TlsCertificate(kj::ArrayPtr<const kj::ArrayPtr<const byte>> asn1);
// Parse a chain of binary (ASN1) X509 certificates.
TlsCertificate(kj::StringPtr pem);
// Parse a PEM-encode X509 certificate or certificate chain. A chain can be constructed by
// concatenating multiple PEM-encoded certificates, starting with the leaf certificate.
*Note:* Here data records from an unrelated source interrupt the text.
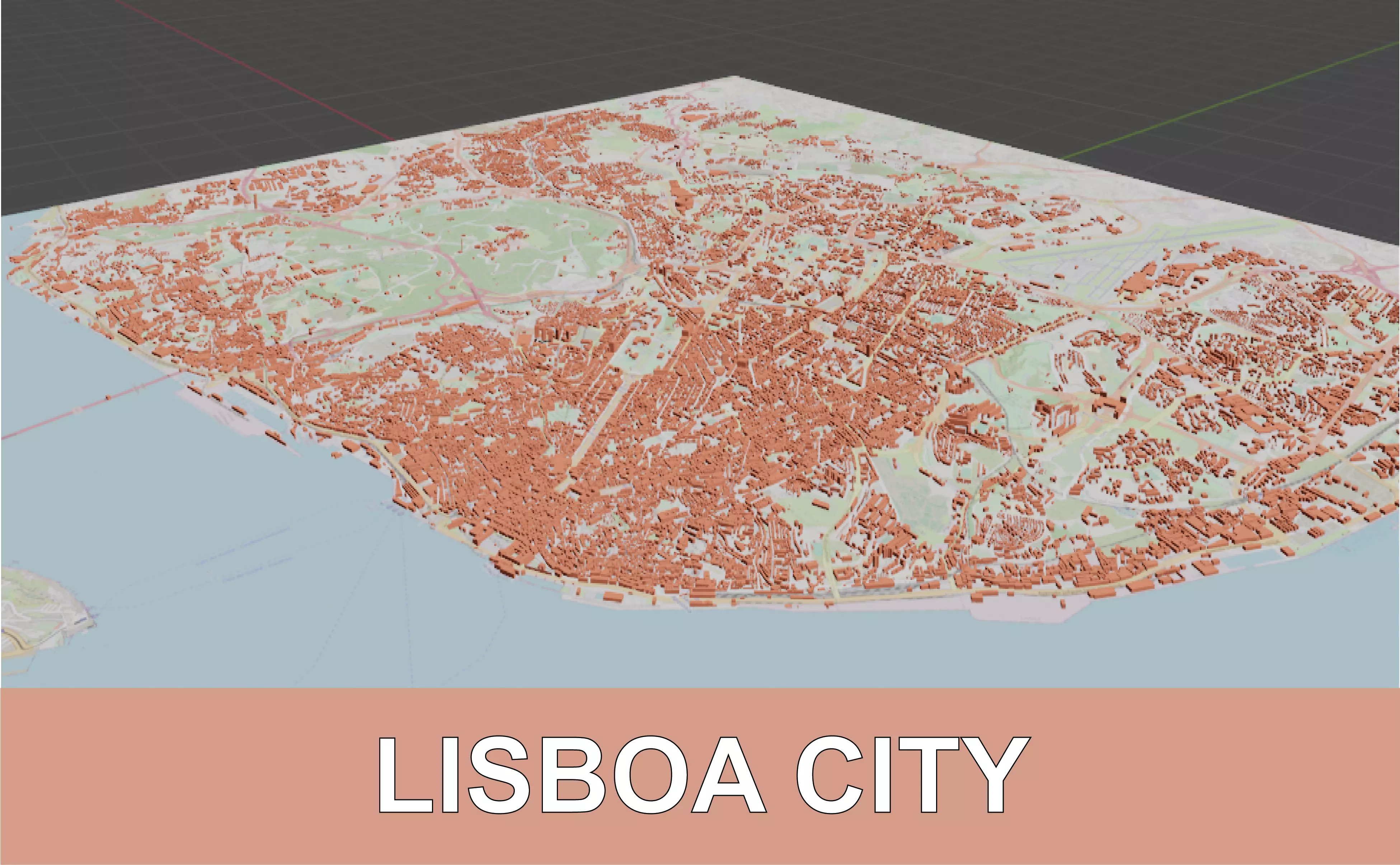 Lisboa Portugal CITY BUILDINGS 3D model_0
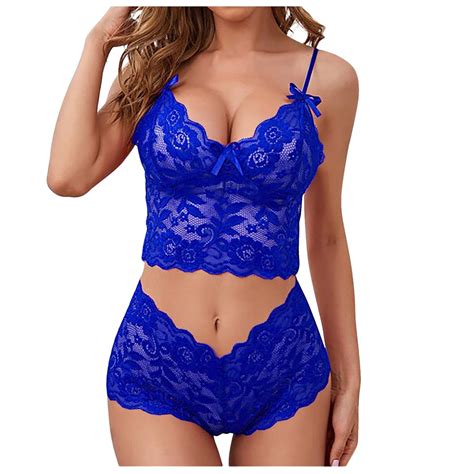 Paiwinds Womens Cosplay Sexy Lingerie Sexy Women Bowknot Lingerie Lace Hollow Out Temptation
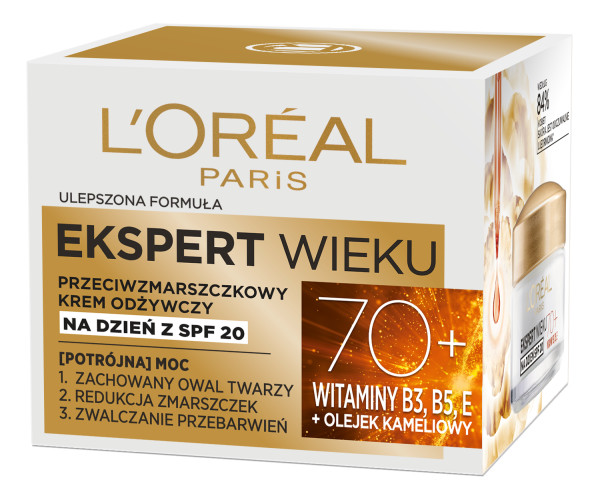 61637621653499505 Ekspert Wieku 70+ przeciwzmarszczkowy krem odżywczy na dzień 50ml - obrazek 1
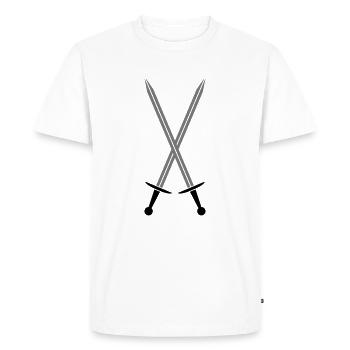 Épées croisées - T-shirt Premium bio Homme - blanc - Devant - Nico (187cm)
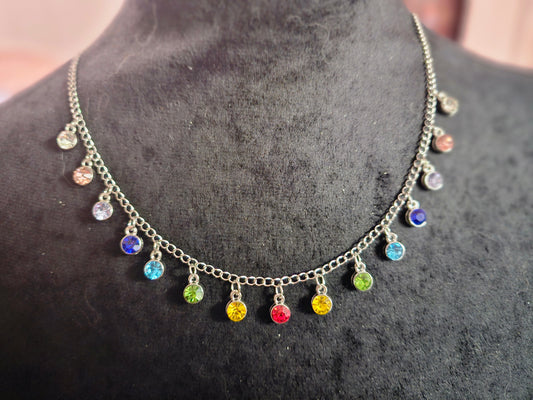 Rainbow Charm Necklace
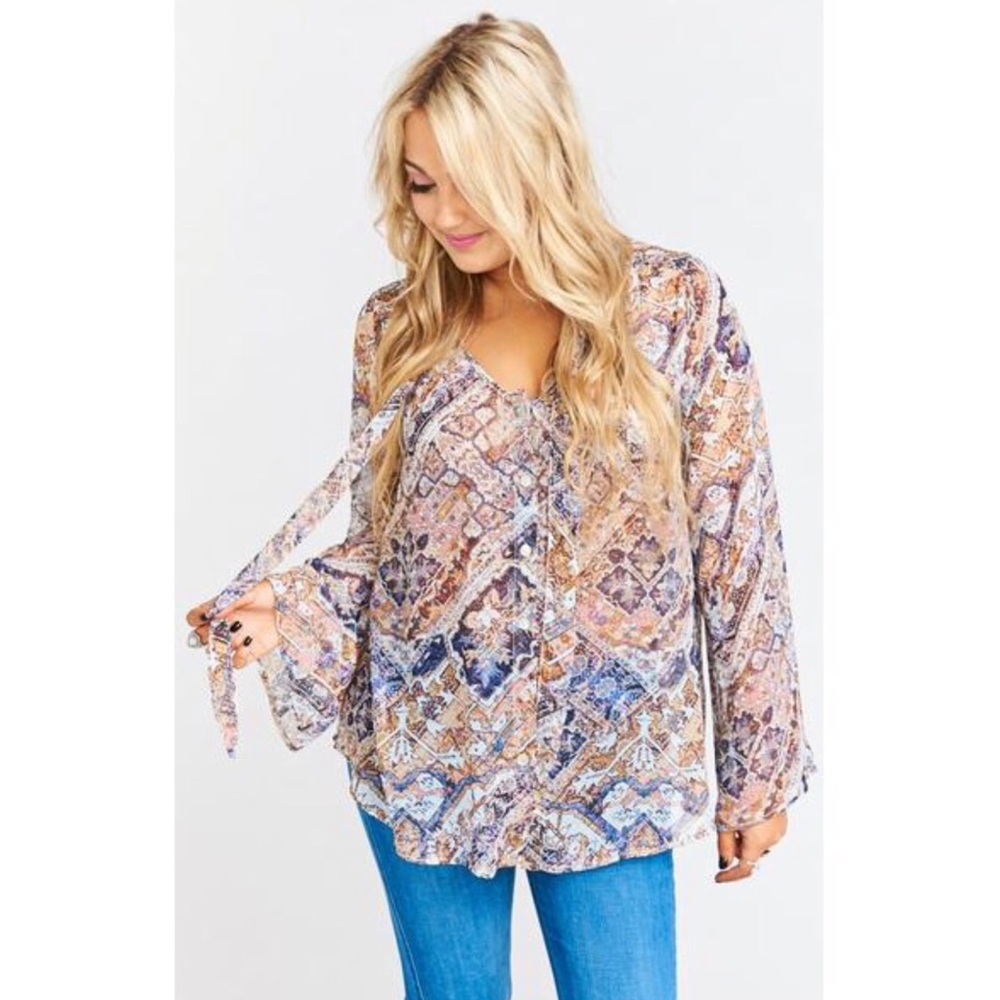 Show Me Your MuMu Taylor Tie Top Babe Of Babylon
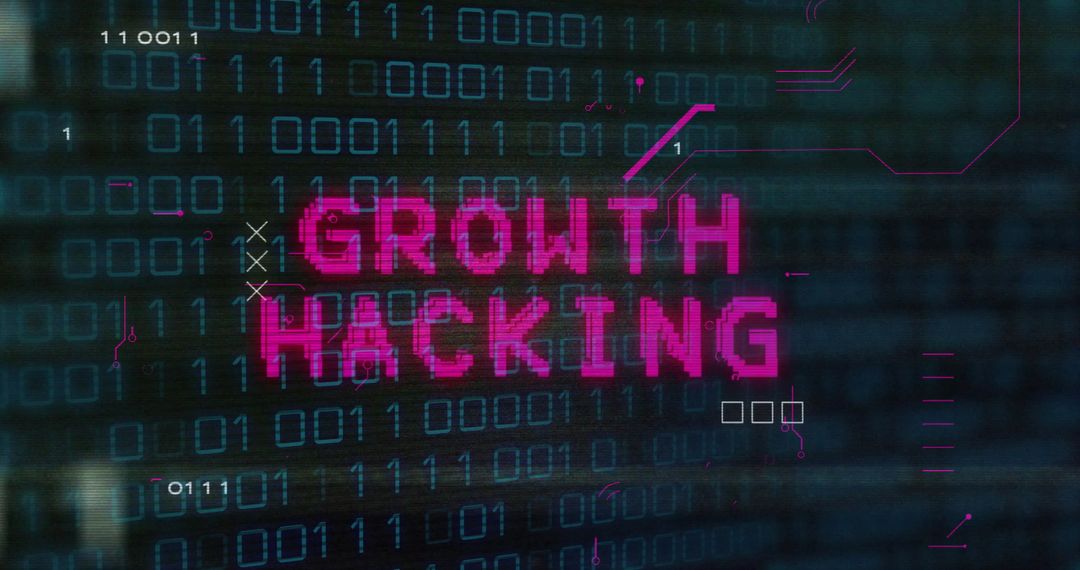 Digital Code Interface Showcasing Growth Hacking Strategy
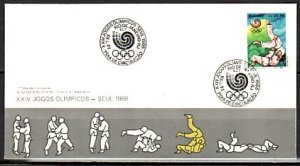 Brazil, Scott cat. 2140. Seoul Summer Olympics issue. First Day Cover. ^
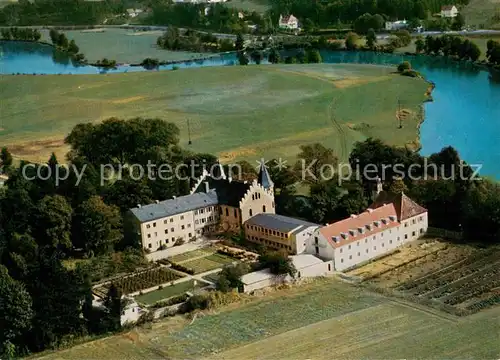 AK / Ansichtskarte Regenstauf Schloss Spindlhof Fliegeraufnahme Regenstauf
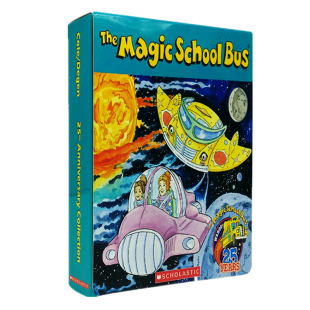 神奇校车英文原版25周年版全12册套装the Magic School Bus Boxset 神奇的校车 绘本图画故事 儿童英文读物桥梁书 英语启蒙 6+音频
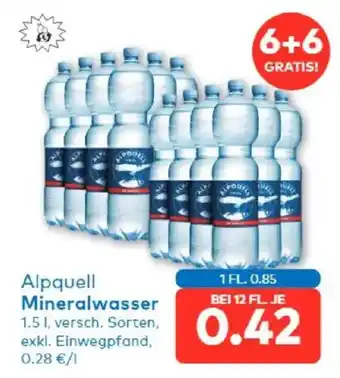Alpquell Mineralwasser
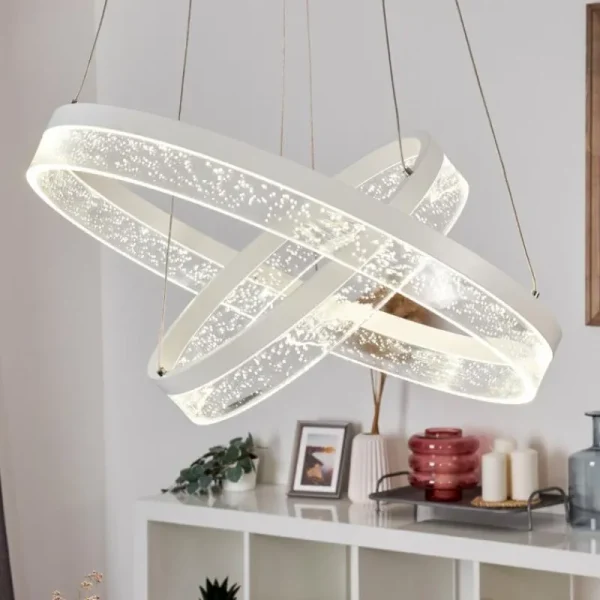 hofstein Suspension Lezha LED Blanc, 2 lumières* Lampes Modernes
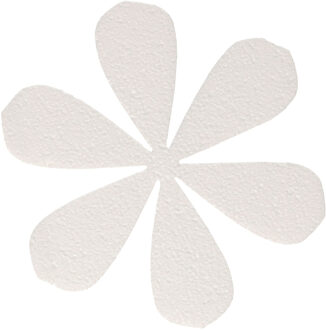 Piepschuim vormen bloemen - 15 x 1 cm - Hobby knutselen - zelf decoreren Wit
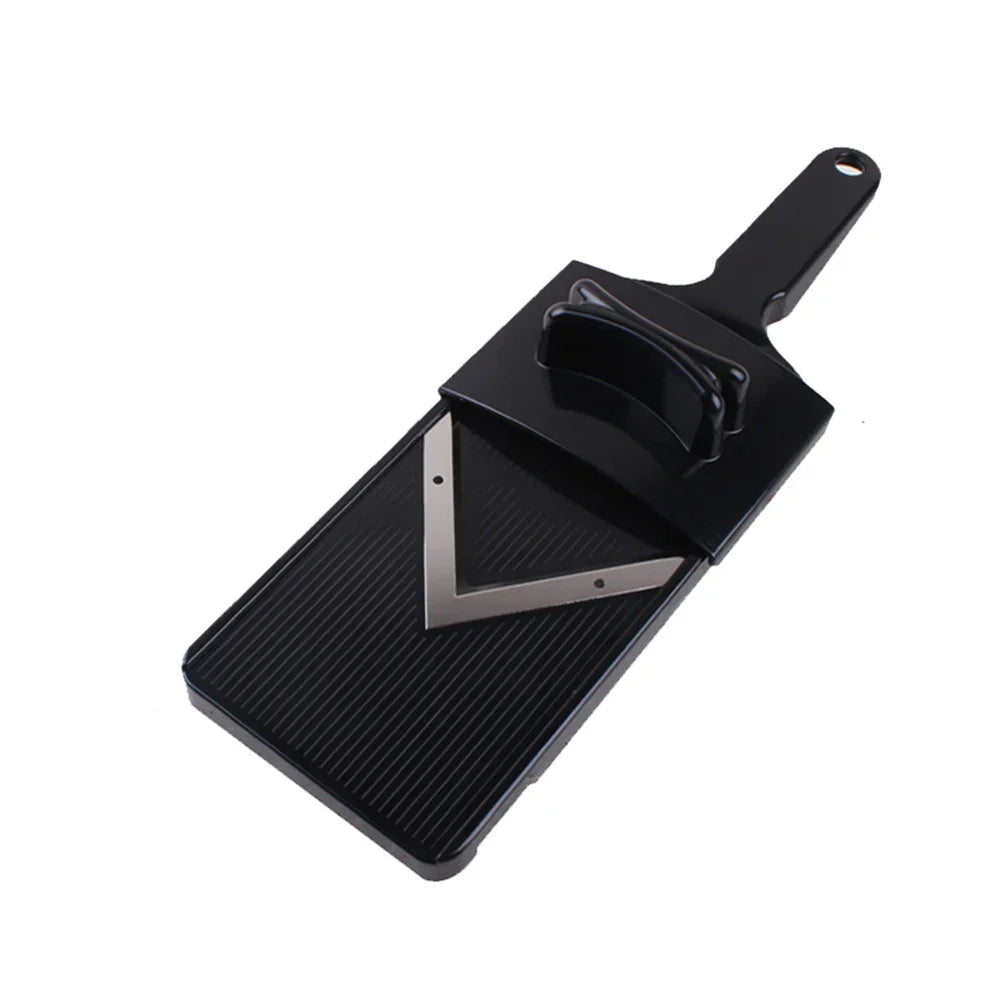 Black dustpan with measurements on a white background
~TlsCertificate() noexcept(false);
TlsCertificate(const TlsCertificate& other);
TlsCertificate& operator=(const TlsCertificate& other);
// Copy-by-refcount.
inline TlsCertificate(TlsCertificate&& other) {
memcpy(chain, other.chain, sizeof(chain));
memset(other.chain, 0, sizeof(chain));
}
inline TlsCertificate& operator=(TlsCertificate&& other) {
memcpy(chain, other.chain, sizeof(chain));
memset(other.chain, 0, sizeof(chain));
return *this;
}
private:
void* chain[10];
// Actually type X509*[10].
//
// Note that OpenSSL has a default maximum cert chain length of 10. Although configurable at
// runtime, you'd actually have to convince the _peer_ to reconfigure, which is unlikely except
// in specific use cases. So to avoid excess allocations we just assume a max of 10 certs.
//
// If this proves to be a problem, we should maybe use STACK_OF(X509) here, but stacks are not
// refcounted -- the X509_chain_up_ref() function actually allocates a new stack and uprefs all
// the certs.
friend class TlsContext;
};
struct TlsKeypair {
// A pair of a private key and a certificate, for use by a server.
TlsPrivateKey privateKey;
TlsCertificate certificate;
};
class TlsSniCallback {
// Callback object to implement Server Name Indication, in which the server is able to decide
// what key and certificate to use based on the hostname that the client is requesting.
//
// TODO(someday): Currently this callback is synchronous, because the OpenSSL API seems to be
// synchronous. Other people (e.g. Node) have figured out how to do it asynchronously, but
// it's unclear to me if and how this is possible while using the OpenSSL APIs. It looks like
// Node may be manually parsing the ClientHello message rather than relying on OpenSSL. We
// could do that but it's too much work for today.
public:
virtual kj::Maybe<TlsKeypair> getKey(kj::StringPtr hostname) = 0;
// Get the key to use for `hostname`. Null return means use the default from
// TlsContext::Options::defaultKeypair.